In a lenthy declaration to U.S. District Judge Steve Jones of the Northern District of Georgia, the 91-year-old Meese, the nation’s top law enforcement officer for most of President Ronald Reagan’s second term, weighed in on Willis’ prosecution of former Assistant Attorney General Jeffrey Clark.

Clark has been charged with racketeering in an alleged conspiracy to overturn the results of the 2020 presidential election in Georgia.

The indictment accuses Clark along with former President Donald Trump and others with making false statements about the election in “furtherance of the conspiracy.”

Willis accused Clark of seeking in December 2020 to have then-acting U.S. Attorney General Jeffrey Rosen and then-acting Deputy Attorney General Richard Donoghue “sign and send a document that falsely stated that the United States Department of Justice had ‘identified significant concerns that may have impacted the outcome of the election in multiple States, including the State of Georgia.'”

The draft letter was to go to Georgia Gov. Brian Kemp as well as then-Georgia House Speaker David Ralston, now deceased, and then-state Sen. Butch Miller, who at the time was president pro tempore of the Georgia Senate.

Law and Crime reported that the document recommended that the Georgia General Assembly “convene in a special session so that its legislators are in a position to take additional testimony, receive new evidence, and deliberate on the matter consistent with its duties under the U.S. Constitution.”

Rosen and Donoghue did not sign on to the letter, nor was it sent to the Georgia officials, Meese wrote out in his declaration, because Trump decided against it.
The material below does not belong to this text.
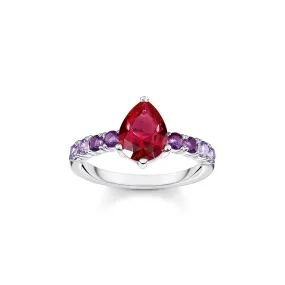 Heritage Glam Solitaire ring with colourful stones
Meese, who received the presidential Medal of Freedom from Trump in 2019, argued that Clark’s drafting of the letter fell “squarely” within his federal authority in his role in the Justice Department.

“Disagreement on legal, factual, and policy matters in the halls of the Justice Department is commonplace, just as disagreements among lawyers in private practice, in state government, and in local government are common,” Meese wrote.

“I have never in all my years encountered a situation where a legal, factual, or legal policy dispute inside of some law-firm like entity-whether the U.S. Justice Department, state or local government law enforcement agencies, or private law firm on differing views of the facts-was treated as if the losing side had prepared a false writing, let alone a criminal false writing or an attempted criminal false writing,” he continued.

“Indeed, I encouraged my counsels and my AAGs to speak up when they disagreed with me or with each other so that we could pressure-test new legal and other ideas and make the positions we ultimately adopted as an entire Department stronger.”

Meese cited Supreme Court precedent in the 1977 Nixon v. Administrator of General Services case, which recognized the importance of privileged communications within the executive branch.

The ruling states that “the privilege is necessary to provide the confidentiality required for the President’s conduct of office. Unless he can give his advisers some assurance of confidentiality, a President could not expect to receive the full and frank submissions of facts and opinions upon which effective discharge of his duties depends.”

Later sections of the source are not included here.